Noor was in favour of Britain giving India her freedom, ending its status as a colony within the British Empire. However, unlike some of the fighters for Indian independence like Subhas Chandra Bose, who favoured an alliance with the enemies of Britain during WW2, she was, to quote Basu:

“… convinced that Indian leaders should not press for independence when Britain had its hands full of fighting the war. She felt that if the Indians backed Britain and won gallantry medals it would create a sense of confidence in them, and the British would readily grant independence to India after the war…”
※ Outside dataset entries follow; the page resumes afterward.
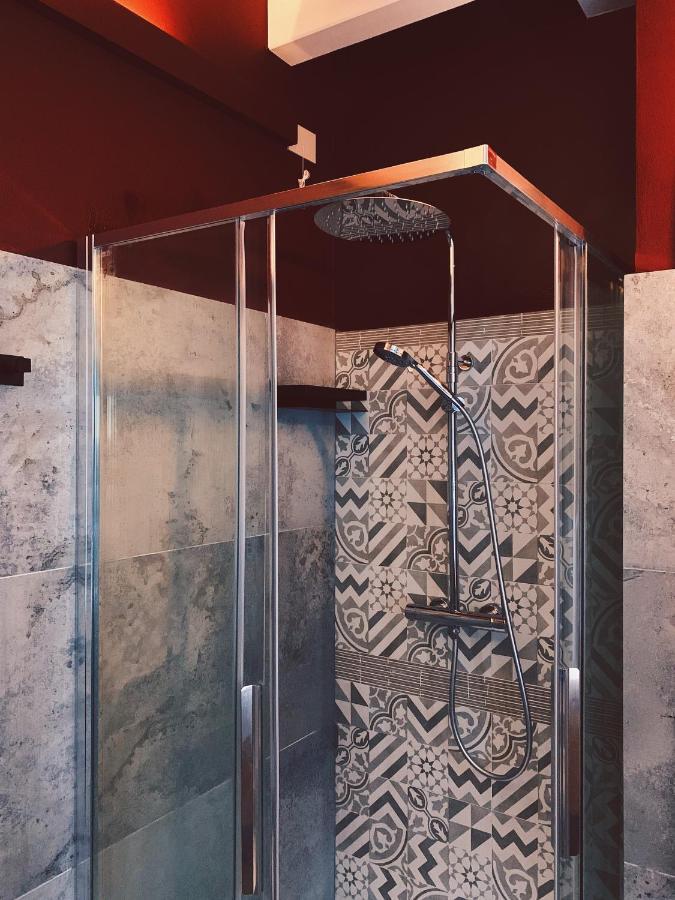דסנזאנו דל גארדה Apartment Charme And Relax With Garden And Swimming Pool מראה חיצוני תמונה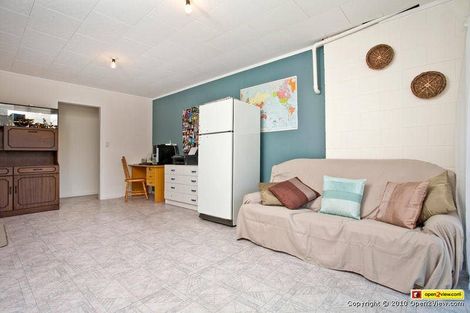 Photo of property in 150 Oaktree Avenue, Browns Bay, Auckland, 0630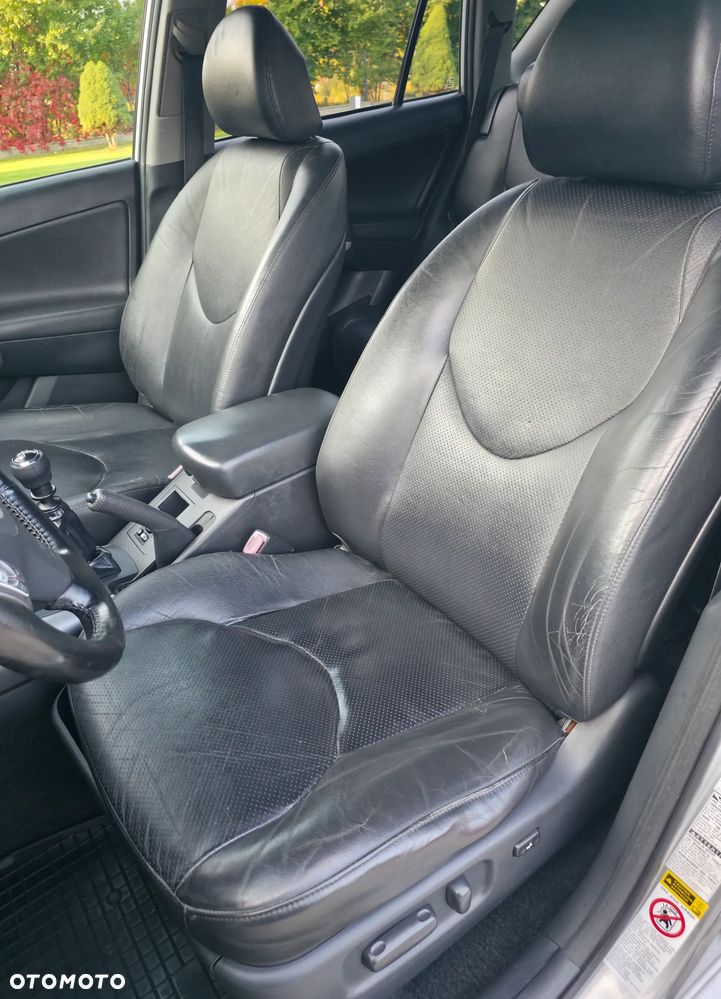 Toyota RAV4 - 19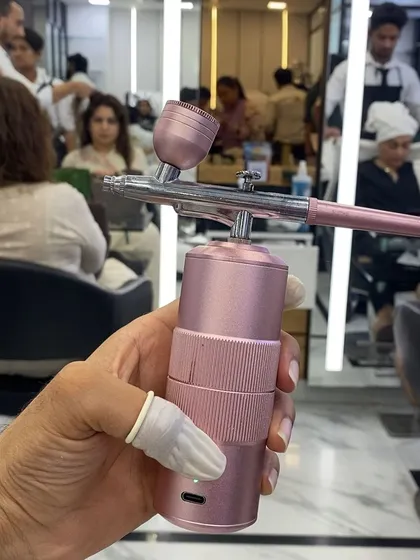 A sneak peek of the airbrush tool I use to create flawless ombré and gradient effects. The full video is coming soon!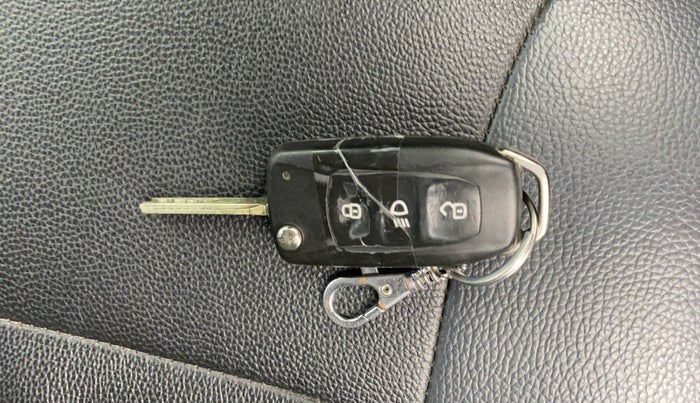 2019 Tata Tiago XZ PETROL, Petrol, Manual, 49,851 km, Key Close Up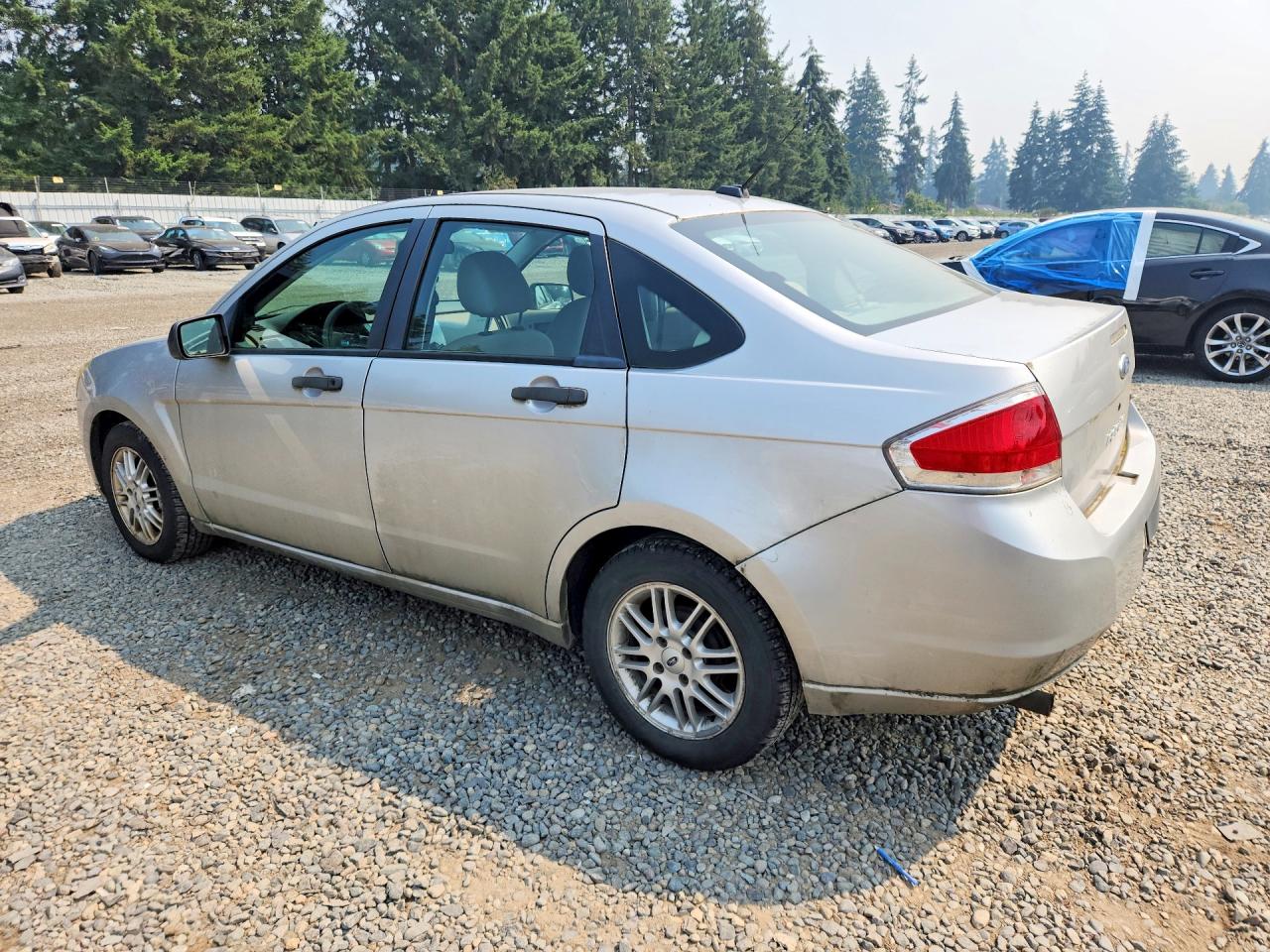 2009 Ford Focus Se Silver vin: 1FAHP35N09W110373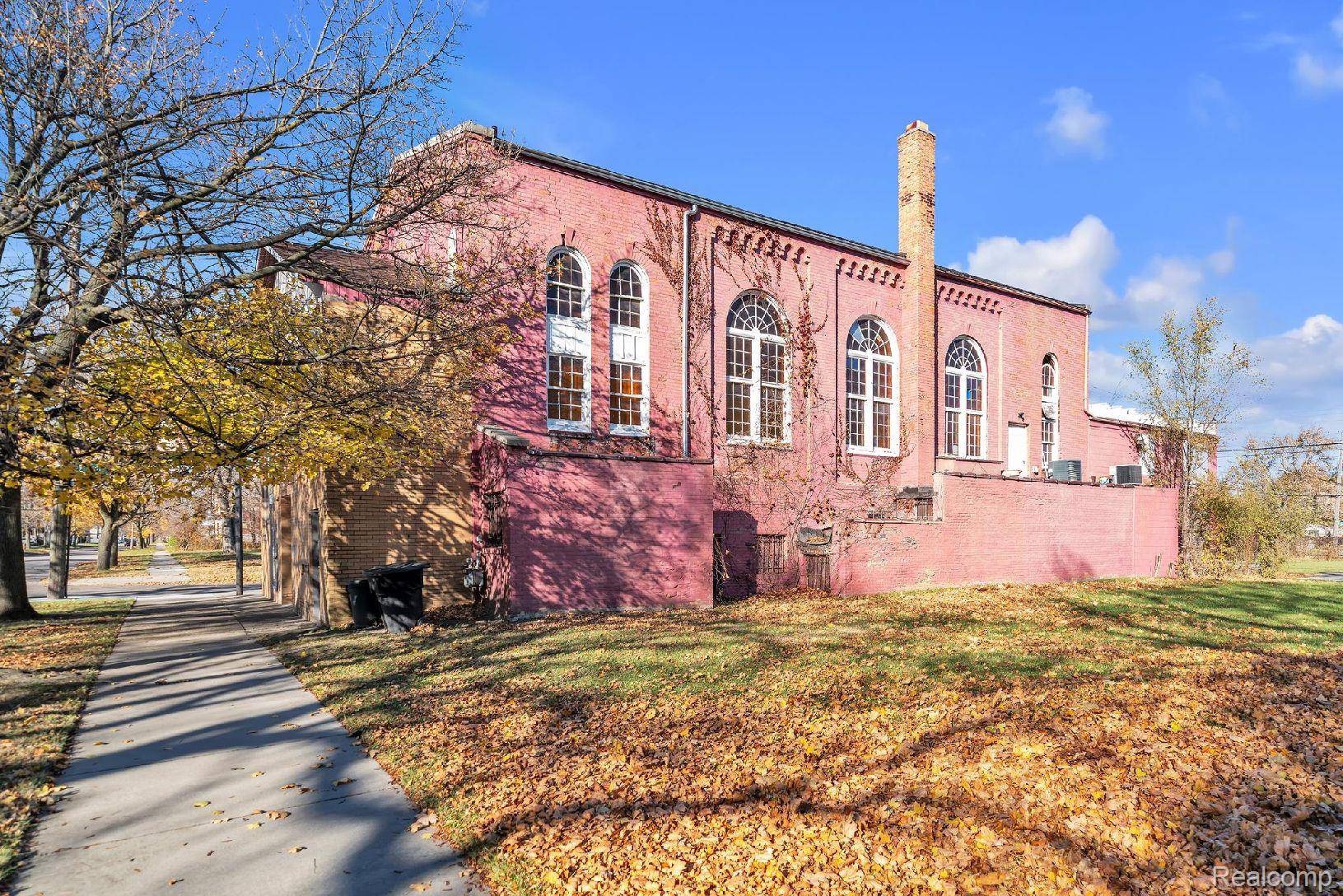 Detroit, MI 48214,3768 Field ST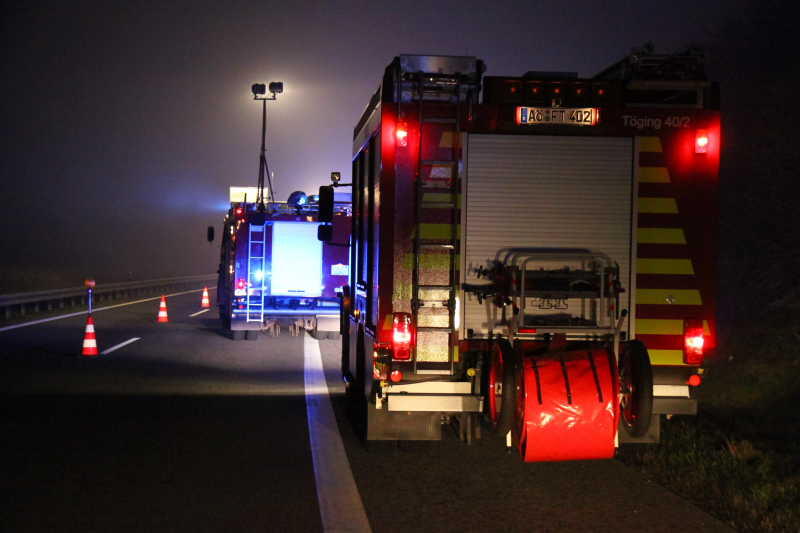 Auf der Autobahn 94 bei Neuötting (Landkreis Altötting) ist am Montagabend eine Autofahrerin bei einem schweren Unfall tödlich verunglückt.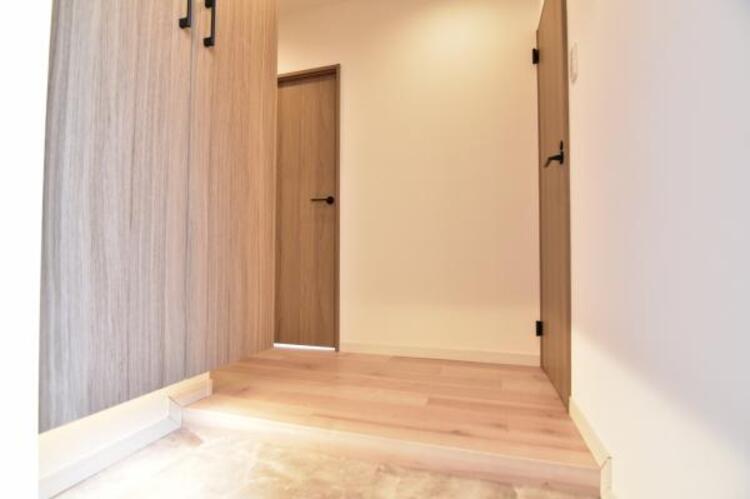 その他 上質感漂う玄関と廊下。居住者の帰り・訪れる方を優しく迎える、安らぎに満ちた生活空間を予感させます。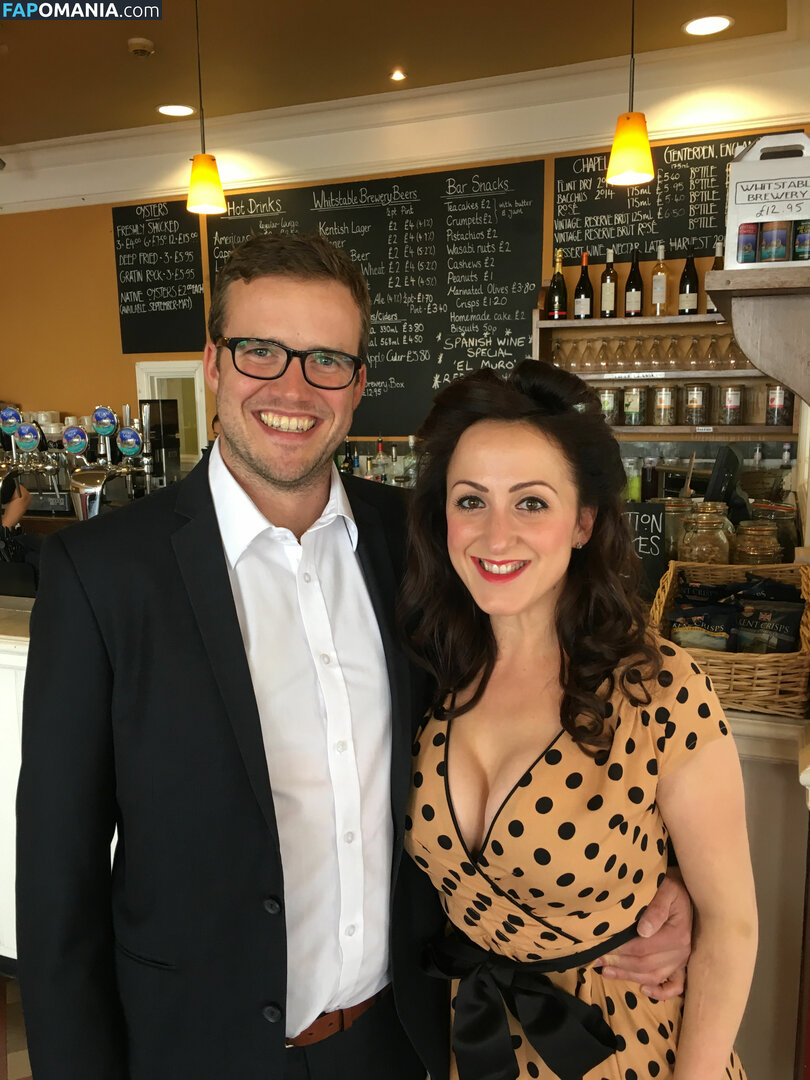 Natalie Cassidy Nudo Foto trapelata #3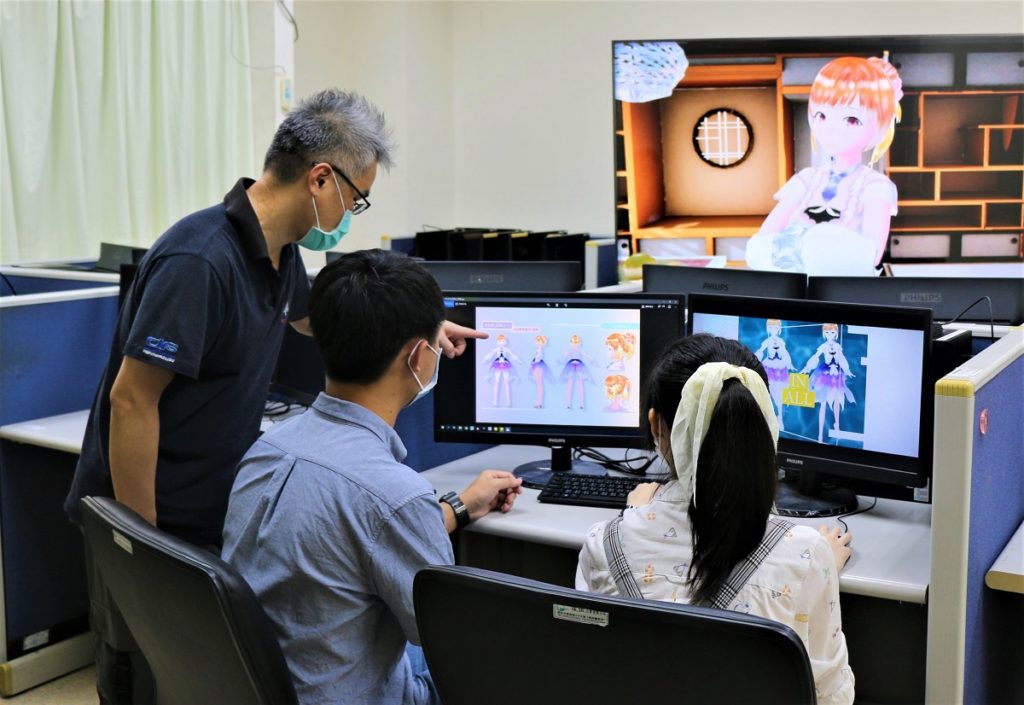 指導資管系學子成為3D數位遊戲藝術競賽國手的吳信成老師(左一)，同時榮獲金獎最佳指導老師肯定。（圖/朝陽科大提供）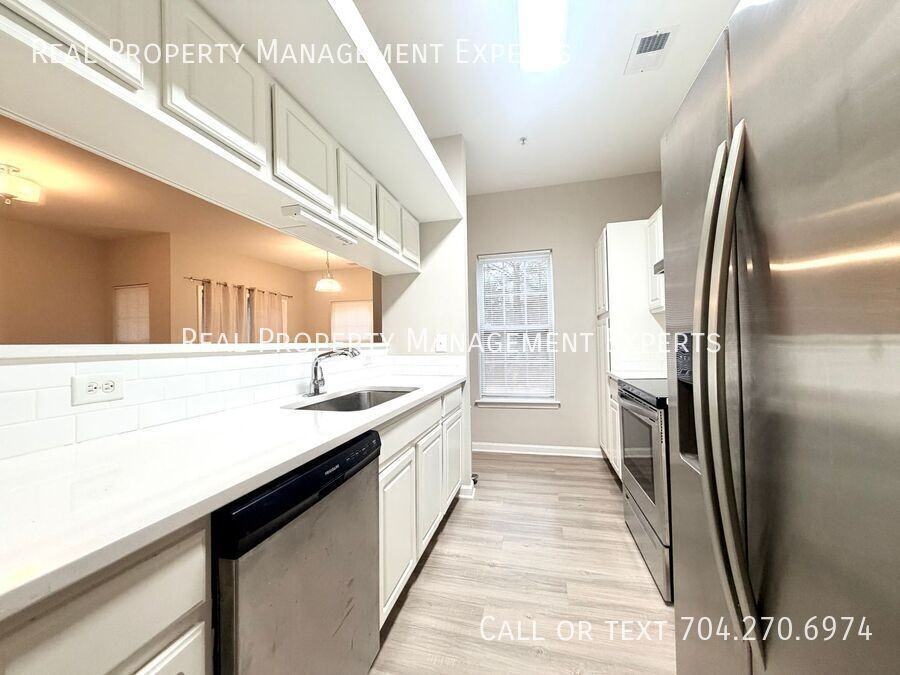 2554 Carya Pond Ln - Photo 2 of 15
After WW1, there were 22 Indian recipients of VC and GC, but Britain did not relieve its domination of India. Instead, it began to tighten its grip. Noor and the other awardees of the high honours for bravery as recorded in the monument near Hyde Park Corner demonstrated the gallantry of people from the Indian sub-continent, but I am sure that this was not part of the reason that Britain released its long hold on its prize colonial possession in 1947.

I am sorry that I cannot find my copy of Overton Fuller’s biography of Noor. It is the source of some of the information in Basu’s book, which contains much material that Overton Fuller did not have access to when she wrote her book. When I find it eventually, it will be interesting to compare what the earlier author wrote about Noor with what Basu wrote 54 years later.